Zgłoszenie wpłynęło około godz. 7.00 i dotyczyło zapachu gazu.
Zgłoszenie otrzymaliśmy o wyczuwalnym zapachu gazu w miejscowości Pniewy przy ul. Lwóweckiej. Nasze jednostki sprawdziły to na miejscu miernikami. Wskazania były zerowe. Na miejsce przybyło pogotowie gazowe, które również sprawdziło cały rejon i nie było żadnego wskazania na miernikach
- tłumaczy dyżurny stanowiska kierowania komendy powiatowej straży pożarnej w Szamotułach starszy ogniomistrz Łukasz Kawka.
"Wkrótce pojawiła się informacja o plamie substancji ropopochodnej na pobliskiej łące" - dodaje Łukasz Kawka.
W obrębie tej ulicy Lwóweckiej zlokalizowano na pobliskiej łące substancję prawdopodobnie ropopochodną. Nasze działania polegają na zabezpieczeniu miejsca zdarzenia tam. Poinformowaliśmy wszystkie służby
- zaznacza.
Jest duże prawdopodobieństwo, że do awarii doszło pod dwupasmową drogą i będzie konieczność jej przekopania.
Wezwano ekipę PERN pod kierownictwem Jędrzeja Komolki.
Doszło do rozszczelnienia rurociągu. W bardzo krótkim czasie zostało to miejsce namierzone, zidentyfikowane. Ropa została odessana, w tej chwili namierzamy miejsce uszkodzenia. Coś takiego się czasami po prostu zdarza, to jest nieuniknione przy eksploatacji takiej infrastruktury, akurat padło na nas
- wyjaśnia Komolka.
Ropociąg na tym odcinku został zamknięty, a przesył kontynuowany jest równoległą nitką.
My tłoczymy ropę naftową drugą nitką, która jest obok, tak, że zachowaliśmy ciągłość działania. To jest dla nas bardzo ważne, żeby dostarczać ropę cały czas do naszych klientów. Straty są znikome, wyciek jest bardzo mały, tak, że tutaj nie ma jakiegoś wielkiego rozlewiska
- dodaj Jędrzej Komolka.
Niestety, pod kałużą uszkodzenia nie znaleziono, trzeba było kopać dalej, także po drugiej stronie drogi.
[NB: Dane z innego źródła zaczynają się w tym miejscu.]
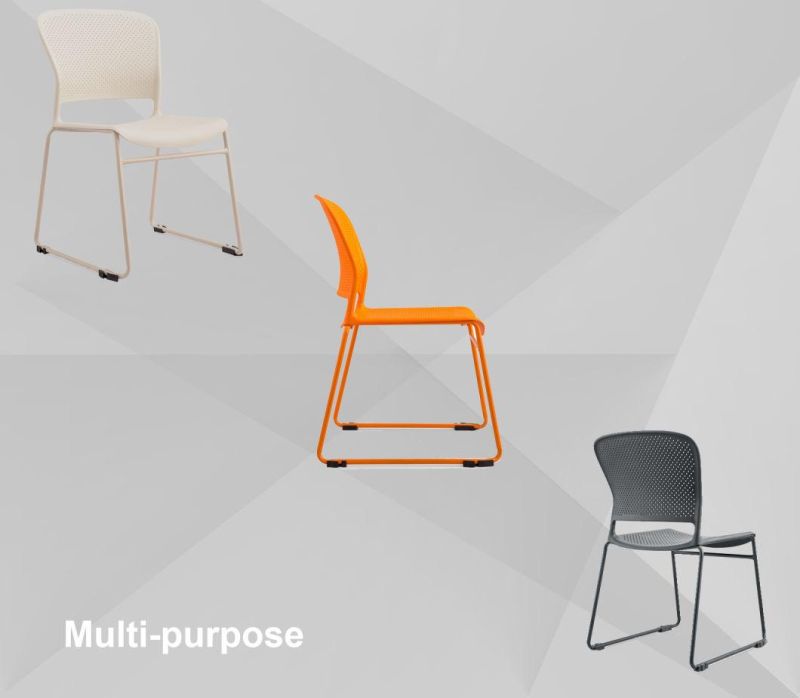 Industrial Arm School Restaurant Plastic Dining Foldable Stackable Office Electroplated Solid Steel Wholesale School Study Meeting Lecture Chairs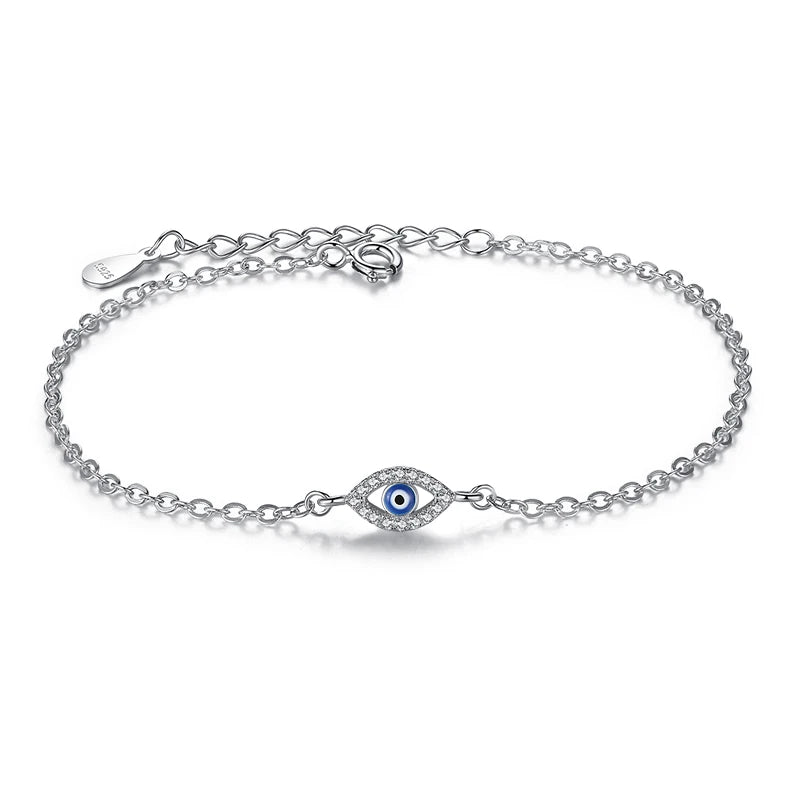 925 Silver Eye Cross Infinity Heart Bracelet Chain Gift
Jeśli uszkodzenie nie zostanie zlokalizowane na jej obrzeżach, trzeba będzie przekopać dwupasmową trasę 92.
AKTUALIZACJA 2.12
Prace nie będą miały wpływu na dostawy ropy i eksploatację drogi krajowej - zapewnia rzecznik prasowy PERN Ewa Sochacka-Urban. Nie ma też zagrożenia dla okolicznych mieszkańców. Przyczyny awarii nie są na razie znane, a ich wyjaśnieniem zajmie się wewnętrzna komisja funkcjonująca w PERN. Według dyżurnego Generalnej Dyrekcji Dróg Krajowych i Autostrad, ruch w tym miejscu (na 129. kilometrze drogi krajowej nr 92) odbywa się wahadłowo, a utrudnienia mogą potrwać nawet kilkanaście dni.